Cerita ini mengisahkan tentang seorang pengendara motor yang hendak pulang ke kampung halamannya. Dirinya adalah seorang lelaki berusia 27 tahunan. Dalam perjalanan pulangnya ia mengendarai sebuah motor berjenis 4 tak yang pada saat malam hari tepat pukul 11.59 ia berhenti di jalanan tengah hutan.
Begitu jarum jam di layar ponselnya bergeser dari 11.59 ke 00.00, angin tiba-tiba berhenti.
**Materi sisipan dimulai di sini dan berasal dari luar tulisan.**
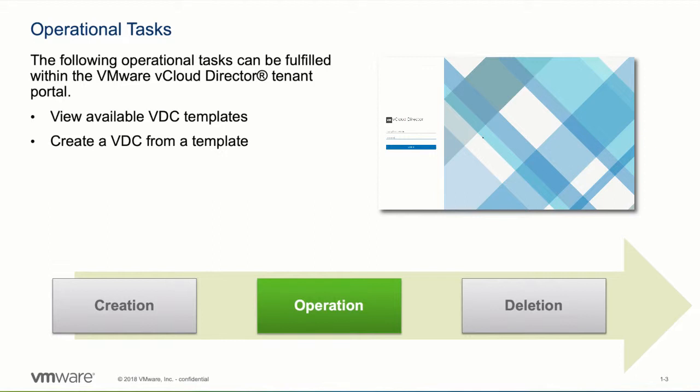Once the organization VDC templates have been created, an organization administrator can view available VDC templates and create VDCs from a template. The following demonstration shows you how these operations look in the HTML5-based vCloud Director tenant portal.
Hutan yang sebelumnya hanya sunyi kini berubah menjadi… terlalu sunyi. Tidak ada serangga, tidak ada angin, bahkan suara nafasnya sendiri seperti tertahan di udara.
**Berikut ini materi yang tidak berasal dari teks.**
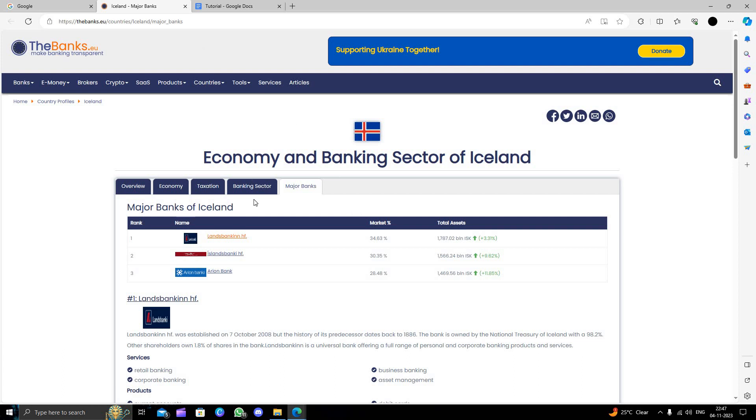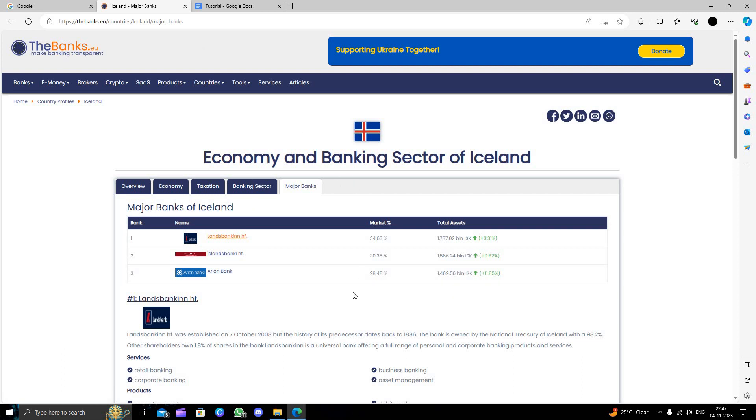It will require a minimum age of 18 to make a bank account here, and you should have a national proof of identity of this country.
Lampu motornya memantulkan cahaya pucat ke batang-batang pohon tinggi yang berjejer rapat, seolah membentuk dinding gelap yang tak berujung. Ia turun dari motornya perlahan, mencoba merenggangkan tubuh setelah perjalanan panjang.
Namun saat kakinya menyentuh tanah berpasir lembab itu, ia merasakan getaran halus, seperti seseorang sedang berjalan pelan… tepat di bawah tanah.
“Ah… mungkin cuma hewan kecil,” gumamnya, meski hatinya terasa mengeras.
Ia menyalakan rokok, ujung api merahnya berpendar kecil di kegelapan. Tapi tak sampai dua isapan, rokok itu padam—seolah dicubit angin… padahal tidak ada angin sama sekali.
Lalu, dari balik pepohonan, muncul aroma bunga kamboja—tajam, pekat, menusuk hidung. Aroma yang tidak seharusnya ada di hutan seperti ini. Bulunya merinding.
Ia memejamkan mata sejenak, mencoba menenangkan diri.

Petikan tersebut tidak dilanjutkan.